La manifattura additiva ha sempre incontrato un ostacolo che ha condizionato il dispiegarsi delle sue potenzialità nei processi produttivi: la ristrettezza del campo operativo. Di fatto, per anni è stata utilizzata per la prototipazione, o per la realizzazione di serie limitate di componenti. Questo ha pesato parecchio sui volumi, e anche su quelli delle macchine vendute per realizzarli. Per questo Prima Additive, scale up che costruisce macchine e celle robotizzate che con l’AM producono componenti in metallo – ha definito una strategia di crescita largamente fondata sull’ampliamento del campo di applicazione di questa tecnologia. Ufficialmente Prima Additive è nata pochi mesi fa, grazie all’intervento in una start-up dell’importante Gruppo Prima Industrie, che invece si occupa di laser e macchine per la lavorazione del metallo. E pertanto ha dimensioni contenute: circa 35 dipendenti, sede a Collegno (Torino) e uno stabilimento produttivo a Solbiate Olona (Varese). Tuttavia, Prima Additive ha ambiziosi obiettivi: il primo dei quali è la crescita dal 30% al 40% per il 2023.
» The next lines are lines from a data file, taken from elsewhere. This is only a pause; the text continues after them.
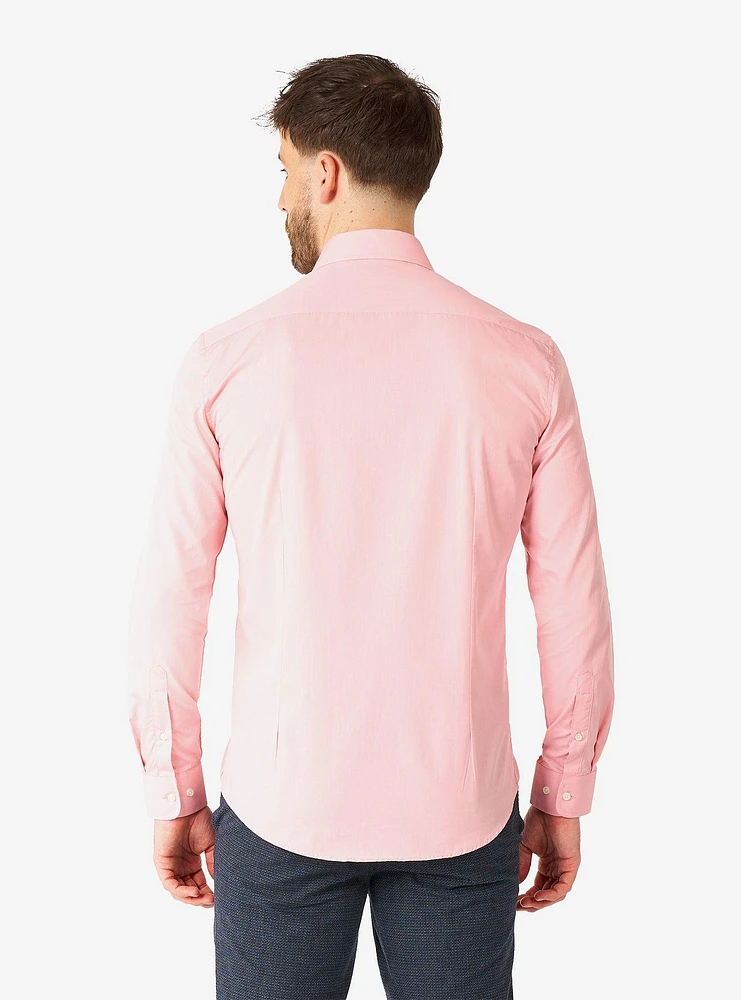 Lush Blush Long Sleeve Button-Up Shirt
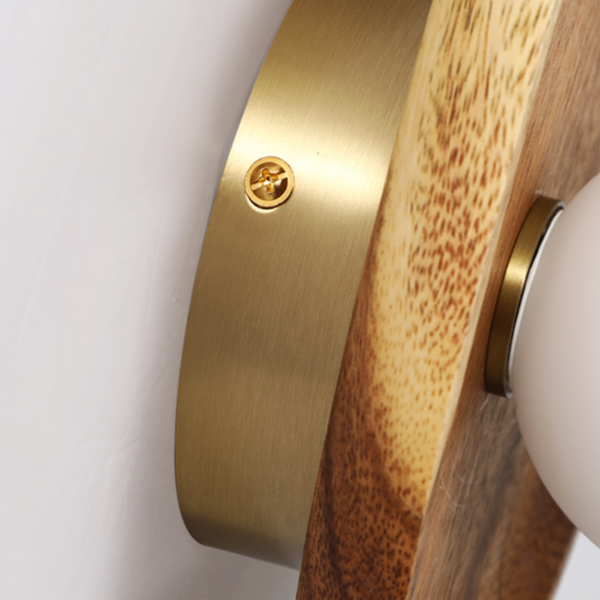 Minimalistische Houten Wandlamp  Zacht Diffuus Licht voor Woonkamer & Slaapkamer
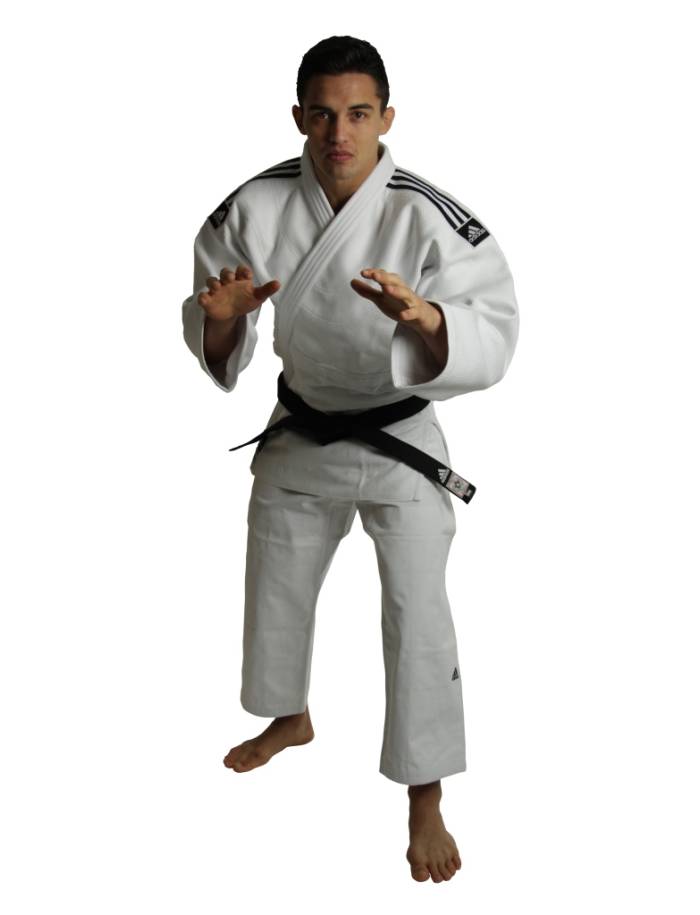 Kimono Judo Adidas Champion II IJF Alb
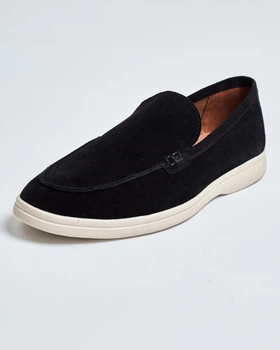 Лофери Krula 38221 чорні замша 40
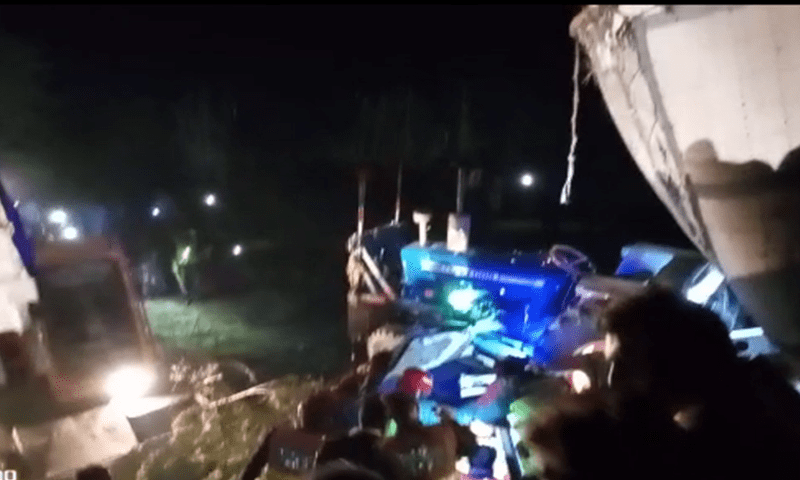 traffic accident at khushab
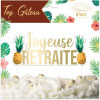 photo - Décoration gâteau - Motif tropical - Joyeuse retraite - 17x13cm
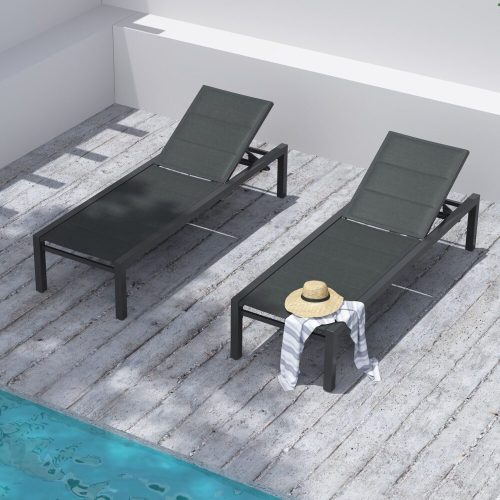 Sun Lounger with Adjustable Backrest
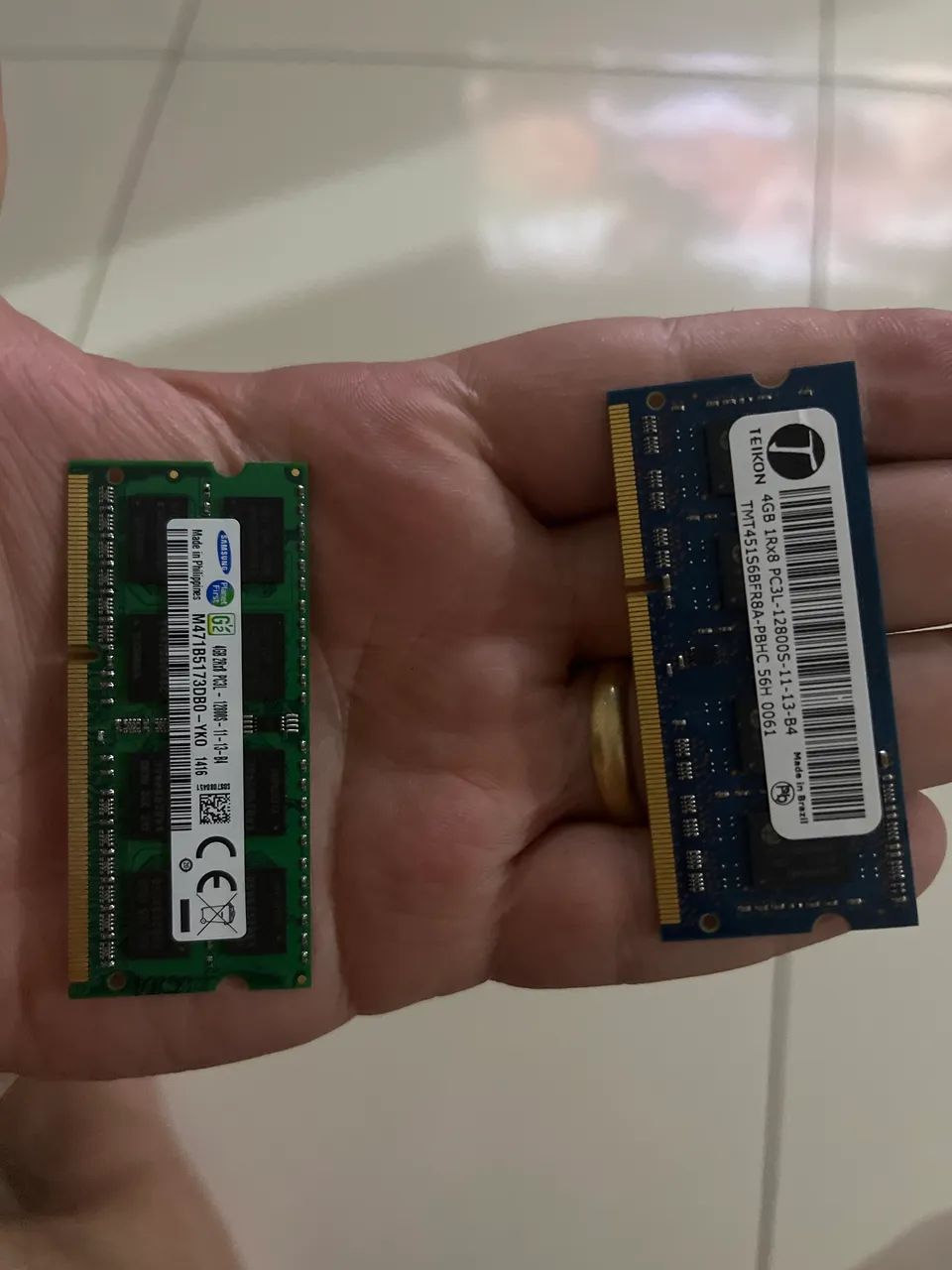 Memória ram notebook 2 x 4gb ddr3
Ma in cosa consiste questa strategia di crescita? Anzitutto, nella realizzazione di macchine che utilizzano più laser, e laser con una diversa lunghezza d’onda, blu e verdi. Questi ultimi non incontrano i limiti dei modelli ad infrarosso, che con difficoltà possono essere adoperati per trattare polveri di rame o di altri materiali altamente riflettenti, visto che gran parte dell’energia utilizzata viene riflessa. Lavorare metalli diversi significa ampliare lo spettro della clientela potenziale.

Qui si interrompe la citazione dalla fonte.